Banyak orang berkuasa bermental jelata: dahulukan apa yang dapat diambil dari negara daripada pelayanan terbaik bagi bangsanya. Menempuh jalan pintas pencitraan daripada menyelesaikan persoalan; mempertontonkan kemewahan sebagai ukuran kesuksesan.

Oleh  : Yudi Latif

JERNIH– Mendekati satu abad Indonesia merdeka, masihkah radar hati bangsa ini dapat menangkap pancaran kearifan kepemimpinan pendiri bangsa?

Yudi Latif

Agus Salim kerap mengingatkan, “Memimpin adalah menderita” (Leiden is lijden). Seperti air Jernih yang mengalir dari hulu sungai ketulusan zamannya. Segera terbayang penderitaan Jenderal Soedirman yang memimpin perang gerilya. Dari atas tandu ia berpesan, ”Jangan biarkan rakyat menderita, biarlah kita (prajurit, pemimpin) yang menderita.”

Zaman sudah terjungkir. Suara kearifan itu terasa asing untuk cuaca sekarang. Kredo pemimpin hari ini,”Memimpin adalah menikmati”. Demokrasi Indonesia seperti baju dipakai terbalik: dahulukan kepentingan lapis tipis oligarki daripada rakyat kebanyakan (demos).

Banyak orang berkuasa bermental jelata: dahulukan apa yang dapat diambil dari negara daripada pelayanan terbaik bagi bangsanya. Menempuh jalan pintas pencitraan daripada menyelesaikan persoalan; mempertontonkan kemewahan sebagai ukuran kesuksesan.
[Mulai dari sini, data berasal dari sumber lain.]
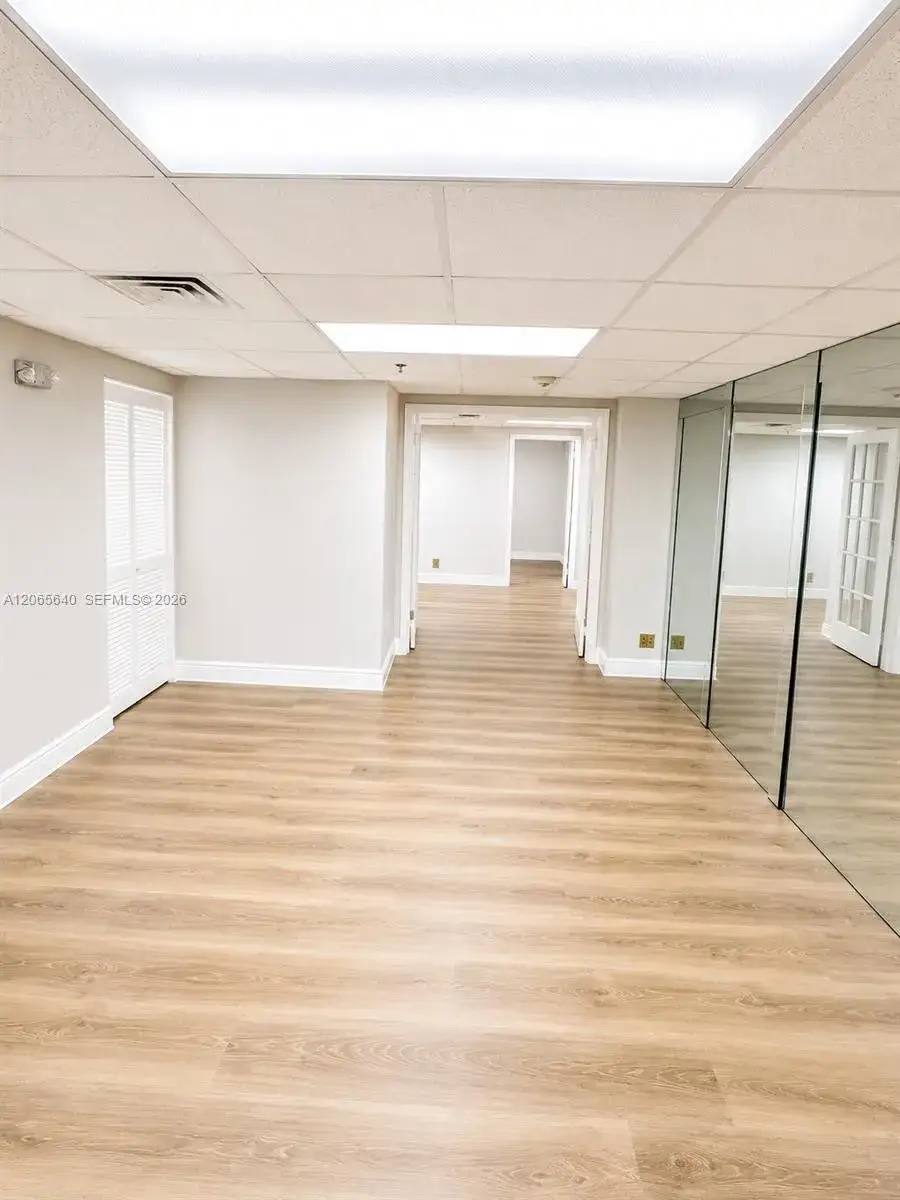 Commercial Sale for sale at 825 Brickell Bay Dr # 1751, Miami FL 33131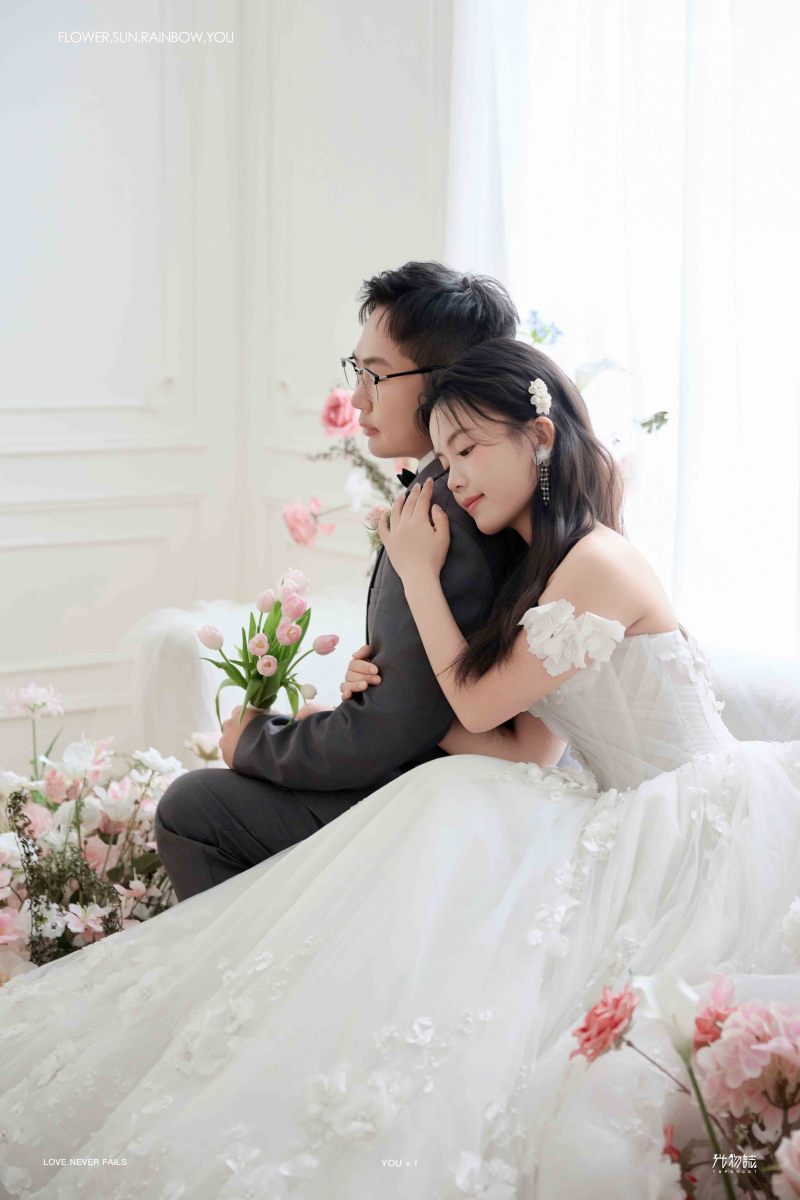 迟浩然先生吴咪女士极简棚拍婚纱照、极简棚拍、正林、眼睛就是测光仪，任何场地都能发挥成MVP、婚纱照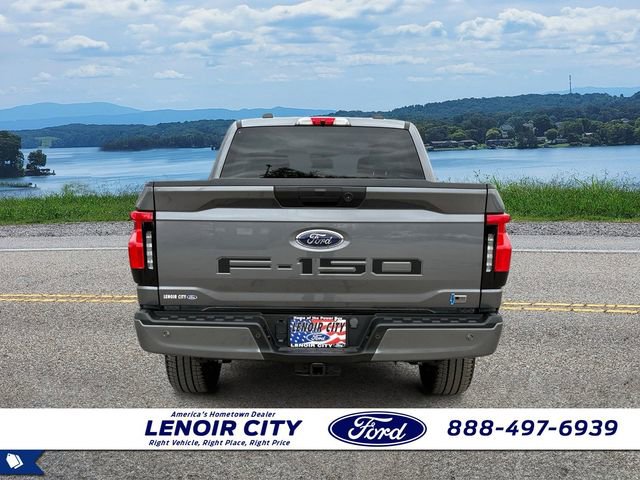 Used 2023 Ford F150 Lightning XLT image 4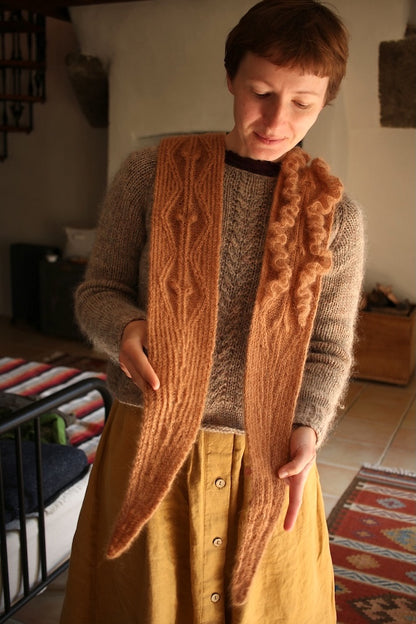Parnassia šalle | smalks volānu lakats no Biches & Bûches Le Gros un Le Petit Silk & Mohair dzijas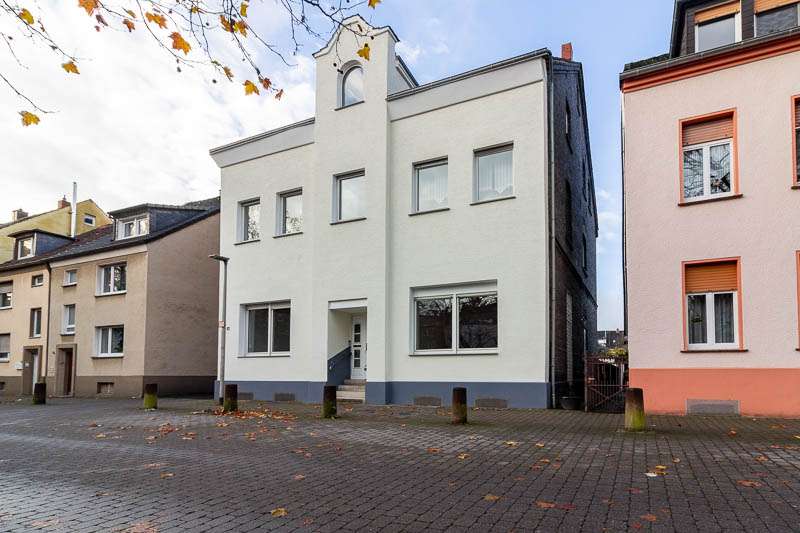 Haus zum Kaufen in Hamm 385.000 € 320 m²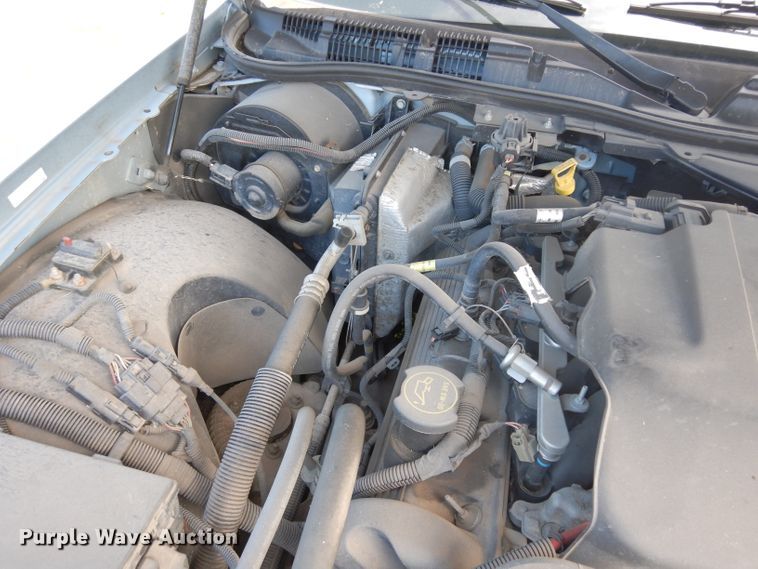 image for item DF4002 2006 Ford Crown Victoria LX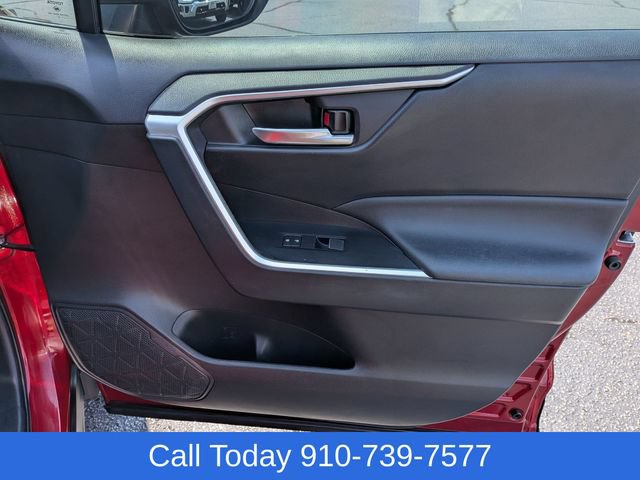 Used 2021 Toyota RAV4 XLE Premium FWD image 34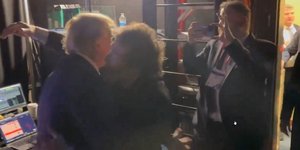 O πρώην πρόεδρος των ΗΠΑ, Ντόναλντ Τραμπ και ο θαυμαστής του, πρόεδρος της Αργεντινής, Χαβιέρ Μιλέι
Seperti suasana kehidupan pasca-perang Jawa, kelas penguasa tersedot pusaran kolonialisme-kapitalisme, membiarkan rakyat hidup tanpa pimpinan. Rakyat yang menderita tanpa gembala menanti juru selamat. Saat Sarekat Islam muncul dengan  pembelaannya pada kaum tani dan buruh, pemimpin utamanya, seperti Tjokroaminoto, sontak disambut sebagai ratu adil.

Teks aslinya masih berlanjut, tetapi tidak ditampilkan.